Angie’s son Finn, leading the fight for a cure for Cystic Fibrosis

Here are some lessons I’ve learned from my lemons; 
1. It is ok to grieve

Cystic Fibrosis not only impacts my son’s life, but also my life, our entire family, and the dreams we had.  It took me over two years to really feel ready to move beyond the grief, and that’s ok.  It was important for me to grieve the loss of my dreams.  I have also found that certain events will set off the grieving process again.  It’s a part of the cycle that I have learned to embrace.

As I continually cycle through the grief process, I have come to rely heavily on community support.  We live over 500 miles away from family and Cystic Fibrosis is an isolating disease.  Not only is it rare, those with CF are instructed not to be around others with CF due to the risk of sharing dangerous bacteria.  As a result, the online CF community is very active.  I have been lucky to find a group of supportive CF parents where we can vent about our bad days, celebrate the good, learn from the experience of others, and share what we have learned.  This has been incredibly healing in my life.  I have also found that talking to caregivers of others with chronic illness is also cathartic.  It feels like we hold membership badges in an exclusive club and have a language all of our own.  It is wonderful to connect on that level.

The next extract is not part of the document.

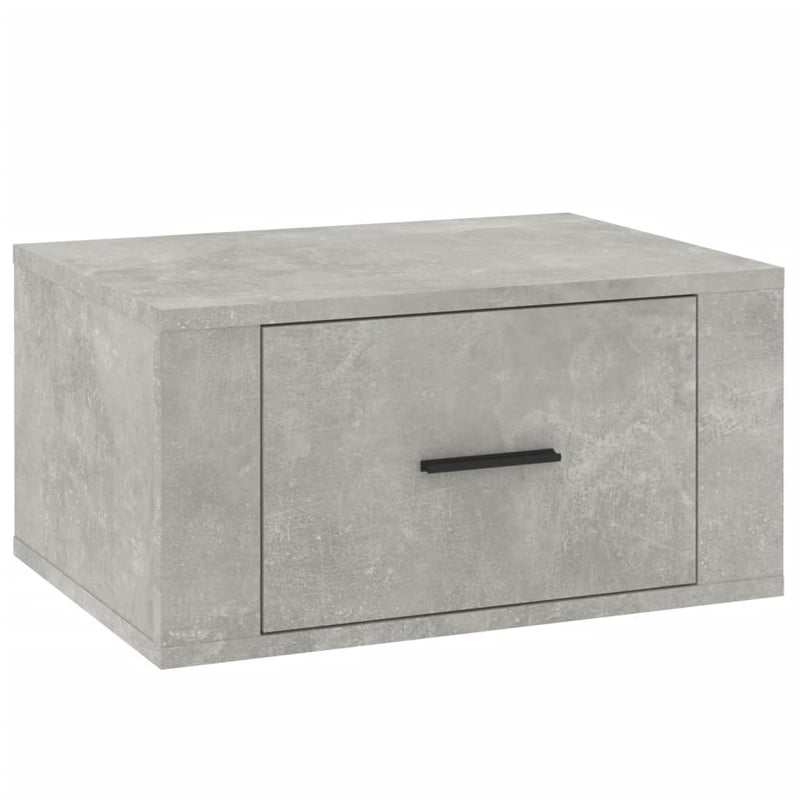 vidaXL 2 db betonszürke falra szerelhető éjjeliszekrény 50x36x25 cm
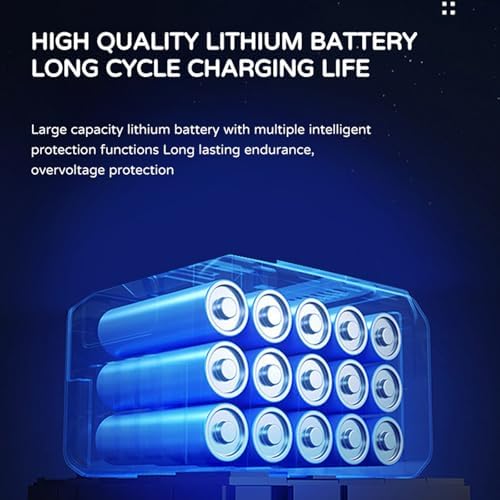 Ocean Wave Projector Light, Rechargeable Shower Light Ocean Lamp 16 Color - Image 5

2. Let go of what I can’t control

This is one of the harder things that I have had to learn .  Cystic Fibrosis can change quickly and I never know what any given day may hold.  I can’t control how my son will be feeling or what level of care he may need.  This has often made me feel guilty about being the “unreliable” friend.  Unfortunately though, it is out of my control and I have found that guilt only makes the situation worse.  Instead of harboring that guilt I have worked to let go of all of the unproductive emotions and focus instead on what is in my control.

3. Seek Help

This is one of the most important things that I have done for myself and my family, hands down.  I reached a point several times where I could feel myself breaking.  At one of my lowest points I sought help from a counselor.  While counseling was beneficial, I found I needed more and approached my primary care physician.  I most certainly did not want to need medication, but I am so grateful that it is available.  Often taking care of my son and family takes precedence to taking care of myself.  I am slowly finding the balance and learning to take care of myself, too.

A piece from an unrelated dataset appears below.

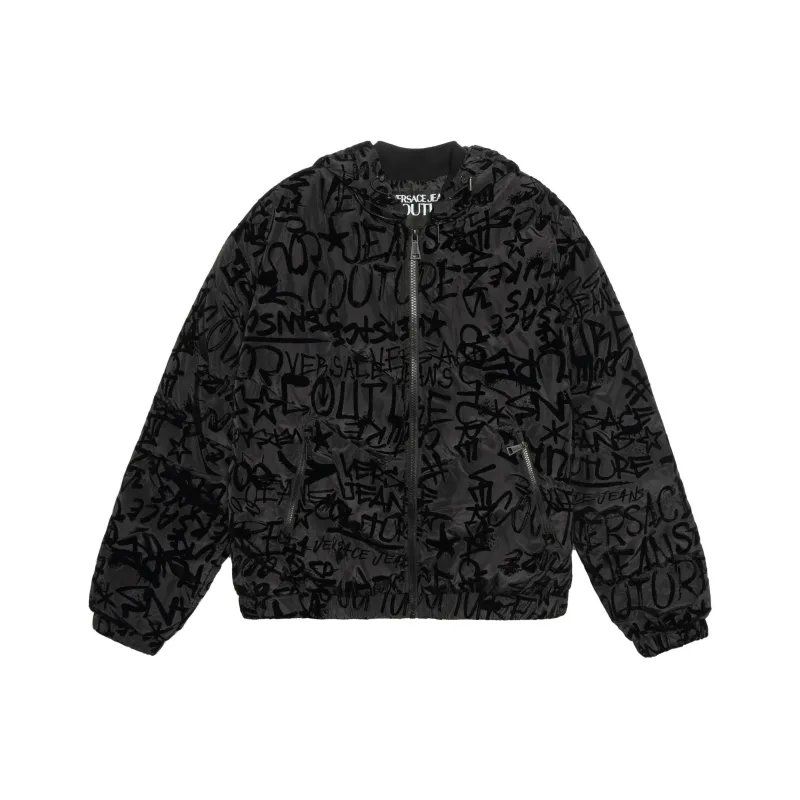 VERSACE Down Jacket Men's Black-0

Despite all of that though, there are times when living with Cystic Fibrosis can seem like a heavy load to bear.  I find myself longing for the days when a bedtime routine did not consist of breathing treatments, medication dose after medication dose, dressing changes and wound care, and hooking my son up to a pump—just so he can go to sleep.  I envy the time and money that has been taken away from us by this disease.  Yes, Cystic Fibrosis is a lemon in my life.  I’m not sure it will ever be lemonade, but I am grateful for the ways I have found to make the load a little lighter, one day at a time.